Adding women to the workforce, dubbed Womenomics, would help but a restrictive immigration system limits the other avenue of importing productive workers.
The Prime Minister has announced a relaxation of immigration rules for highly skilled foreign workers but that may not be enough.
Also, he's aiming for a robotics revolution. Robots as workers would be an interesting development.
A rigid employment system also prevents better "matching" of workers to jobs. Better matching of skills to work can raise productivity.
That flexibility, though, also implies higher unemployment as employees seek jobs and are "frictionally" unemployed and employers can hire and fire more freely.
Higher unemployment is never politically easy to accept.
In terms of business, Prime Minister Abe has vowed to tackle special interests and de-regulate.
As the Japanese system has been built on the basis of keiretsu corporate structures with interlinked businesses, transforming it into a more decentralised market with lots of competing firms won't happen quickly and will require taking on some of the most powerful companies to change the way that they operate.
Raising investment is a key way of adding capital that can boost growth.
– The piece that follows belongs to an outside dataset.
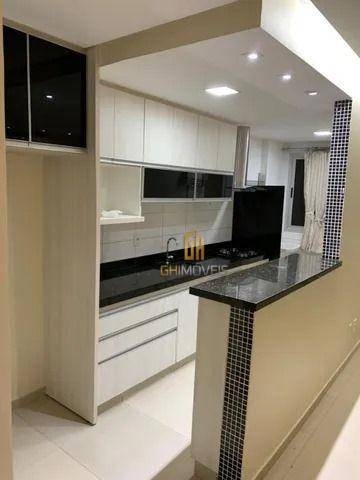 Apartamento à venda com 2 quartos, 62m² - Foto 1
Abe intends to cut the corporate tax rate from over 35% to below 30% and perhaps close to the OECD average of 29%.
Whether taxes are holding back investment is an open question. After all, Japanese firms have high savings rates that they've invested overseas.
Plus, there is a knock-on effect on government revenues that matters as Japan's government debt exceeds 200% of GDP and its primary budget deficit (budget gap minus interest payments) is estimated to be a sizeable 9% of GDP.
Among a slew of announcements, there will also be reforms of the healthcare system and the Government Pension Investment Fund - a sizeable fund of $1.26 trillion that aims to invest more in stocks to better support the greying population.
An attempt to raise a consumption tax to perhaps 10% by next year though has been controversial as the government seeks to raise demand to entice firms to invest and produce at home.
Finally, when the first iteration of this plan was unveiled last year, the reaction was lukewarm as lots of the details were left vague and to be implemented.
There's still a sense of that with the formal unveiling of this plan.
This is despite the success so far in the first two arrows. Notably, inflation is still to reach the 2% target but is rising by 1.3%.
Deflation discourages consumers from buying as they put off purchases and thus firms will also not produce more and invest in production, so it is an important target to hit.
Japan has done that through aggressive monetary easing with the central bank injecting cash until the target is met.
Combating deflation requires a change in consumer attitudes and firm behaviour, so it's a more complex process than it appears.
The structural reforms are likely to be even more complex. But, they, and not the first two arrows, will determine whether Japan is truly back.